About this task: Copy exactly the lines starting at the one that contains "双南两房,一梯四户,实用性高,可做两室一厅,采光视野特别好" and running through the end of the material below. Exclude any pictures.

Entries provided:
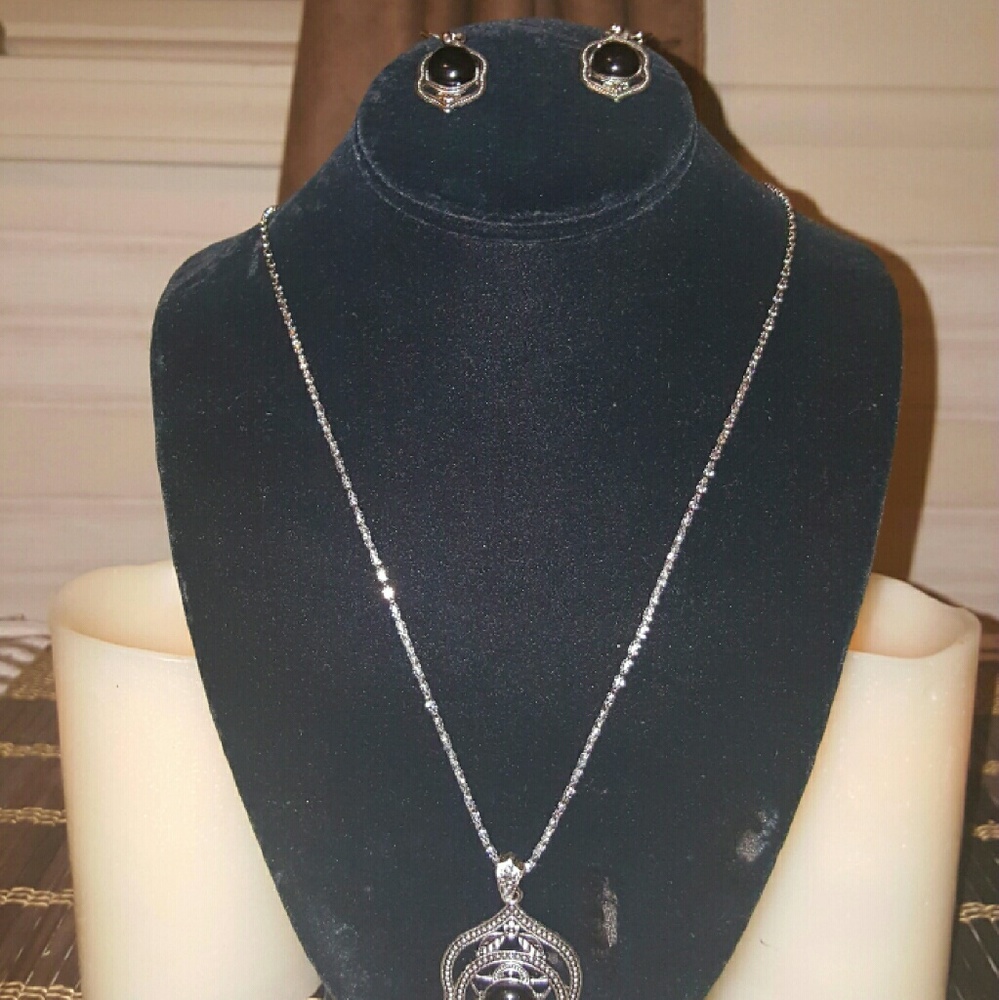 NWT TIBETAN SILVER NECKLACE SET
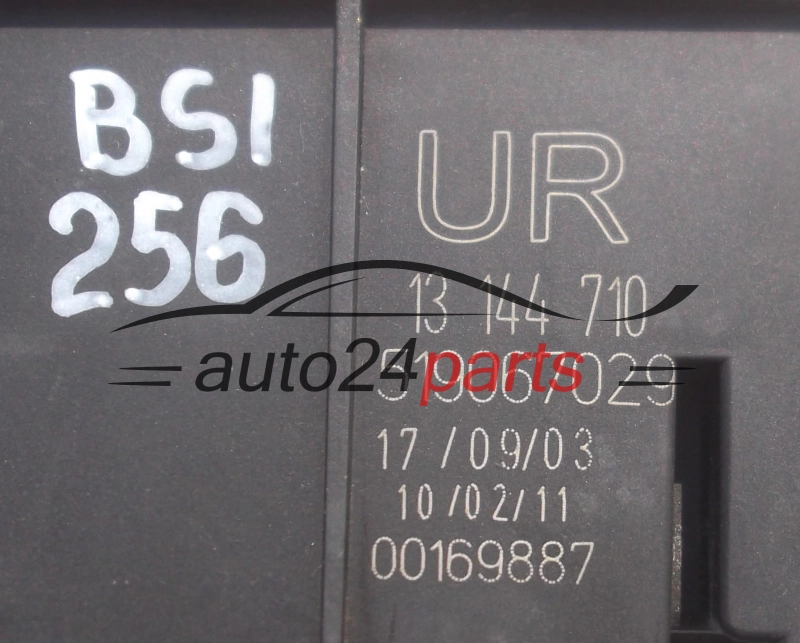 SKRZYNKA ELEKTRYCZNA PRZEKAZNIKOW I BEZPIECZNIKOW MODUŁ NADWOZIA CENTRALKA KOMFORTU BSI OPEL VECTRA C SIGNUM GM 13 144 710 UR, 13144710 UR, 519067029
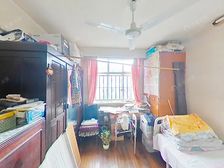 双南两房,一梯四户,实用性高,可做两室一厅,采光视野特别好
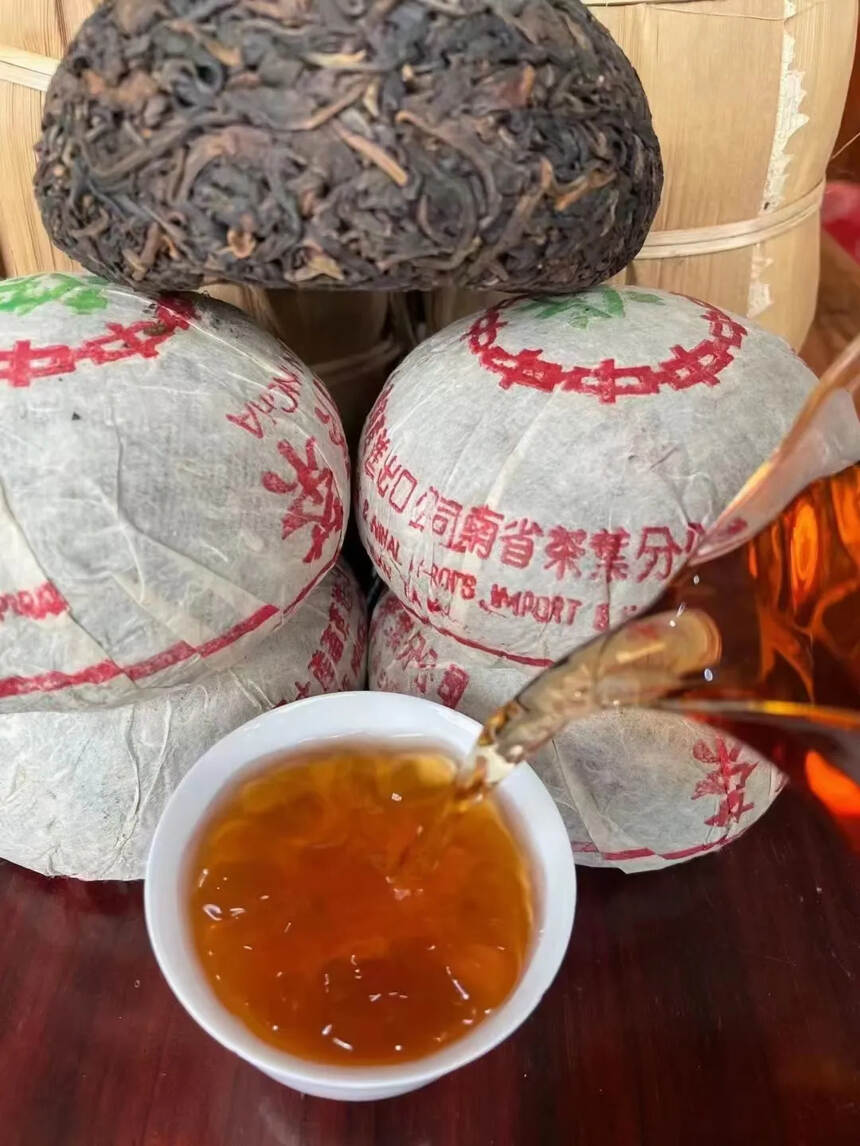 90年代薄棉纸｜苹果绿印沱茶
条索整洁清晰，细嫩饱满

Exercise solution:
 双南两房,一梯四户,实用性高,可做两室一厅,采光视野特别好
 90年代薄棉纸｜苹果绿印沱茶
条索整洁清晰，细嫩饱满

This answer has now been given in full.